**WHAT THE EXERCISE ASKS**
Please reproduce the entries below exactly, starting at the first line and ending with the line that holds "Donkey and Pig".

**DATASET RECORDS**

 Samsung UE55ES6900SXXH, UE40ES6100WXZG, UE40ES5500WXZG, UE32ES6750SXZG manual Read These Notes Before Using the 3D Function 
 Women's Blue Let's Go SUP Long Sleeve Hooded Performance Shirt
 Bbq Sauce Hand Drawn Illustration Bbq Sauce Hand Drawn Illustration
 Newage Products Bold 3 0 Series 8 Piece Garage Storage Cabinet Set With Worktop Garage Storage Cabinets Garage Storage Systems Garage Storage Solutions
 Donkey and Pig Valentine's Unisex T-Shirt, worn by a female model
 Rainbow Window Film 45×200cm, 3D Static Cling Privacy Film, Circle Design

**RESULT OF THE EXERCISE**
 Samsung UE55ES6900SXXH, UE40ES6100WXZG, UE40ES5500WXZG, UE32ES6750SXZG manual Read These Notes Before Using the 3D Function 
 Women's Blue Let's Go SUP Long Sleeve Hooded Performance Shirt
 Bbq Sauce Hand Drawn Illustration Bbq Sauce Hand Drawn Illustration
 Newage Products Bold 3 0 Series 8 Piece Garage Storage Cabinet Set With Worktop Garage Storage Cabinets Garage Storage Systems Garage Storage Solutions
 Donkey and Pig Valentine's Unisex T-Shirt, worn by a female model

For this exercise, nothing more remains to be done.